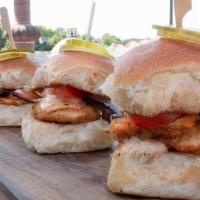 Fried Chicken Sliders · Three pieces of hand-breaded and fried chicken served on freshly baked F2M soft rolls with t...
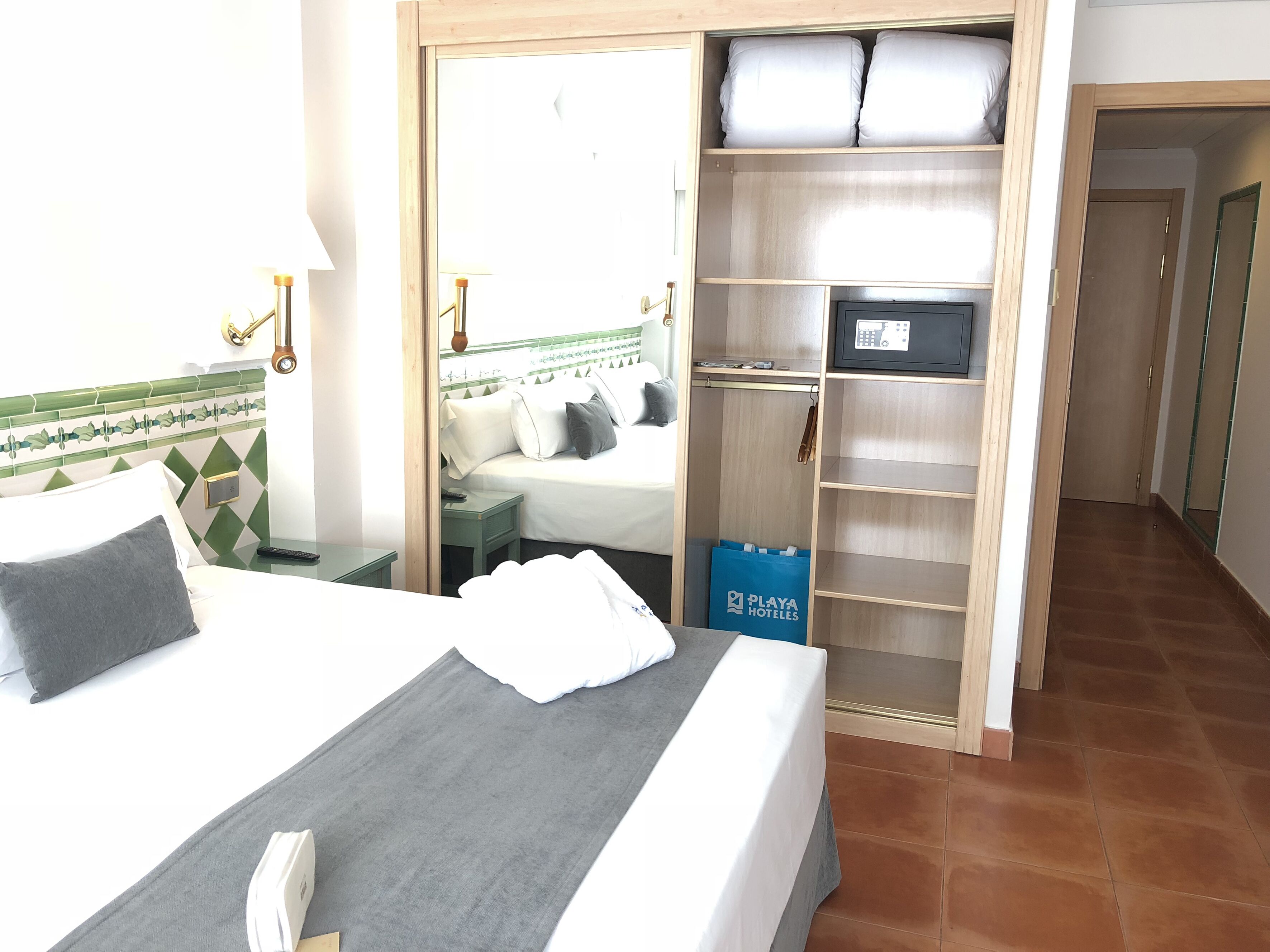 Una habitación de hotel con cama, mesita de noche, armario y puerta al baño.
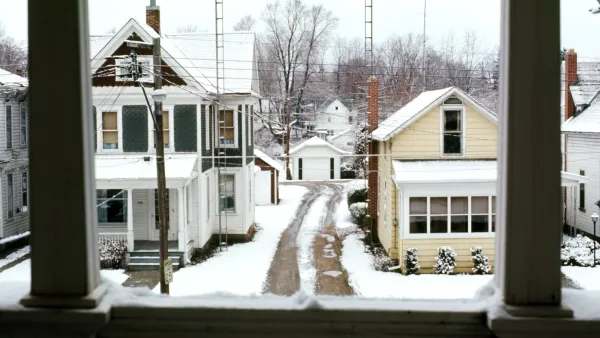 Wooden houses covered with snow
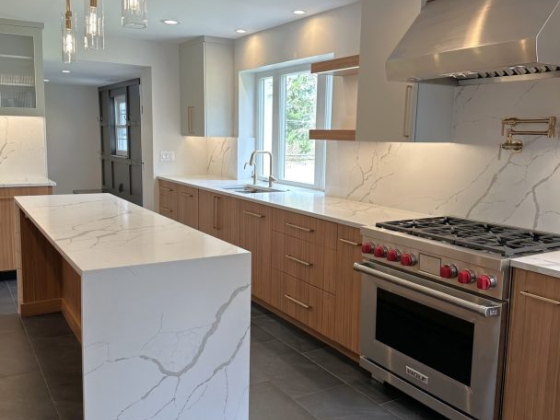Sleek kitchen design featuring marble countertops and stainless steel appliances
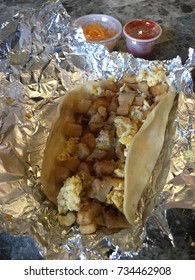 Grab A Austin , Texas Tex-mex Flour Tortilla BreakFast Taco With Scrambled Eggs And Potatoes  On Foil With Cheese And Salsa In The Background 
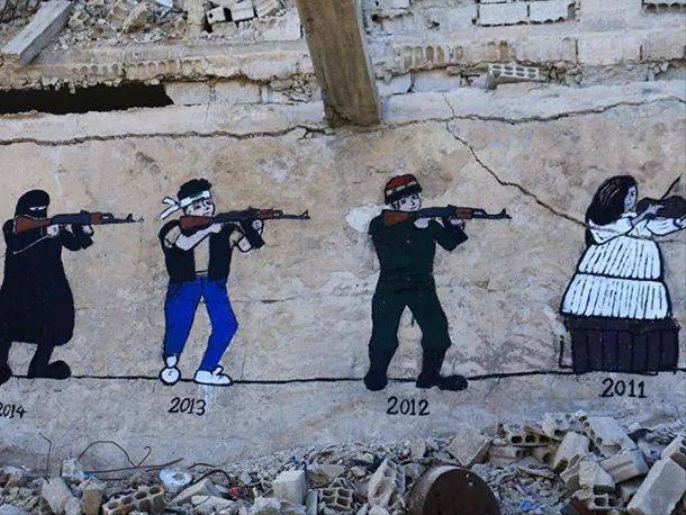 جانب من رسوم أبو مالك للثورة والأمل على جدران مدينة داريا (الجزيرة)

--------------------------------

[TRY IT]
Repeat each line above exactly as it reads, omitting any pictures.

[ANSWER SECTION]
 Fried Chicken Sliders · Three pieces of hand-breaded and fried chicken served on freshly baked F2M soft rolls with t...
 Una habitación de hotel con cama, mesita de noche, armario y puerta al baño.
 Wooden houses covered with snow
Sleek kitchen design featuring marble countertops and stainless steel appliances
 Grab A Austin , Texas Tex-mex Flour Tortilla BreakFast Taco With Scrambled Eggs And Potatoes  On Foil With Cheese And Salsa In The Background 
 جانب من رسوم أبو مالك للثورة والأمل على جدران مدينة داريا (الجزيرة)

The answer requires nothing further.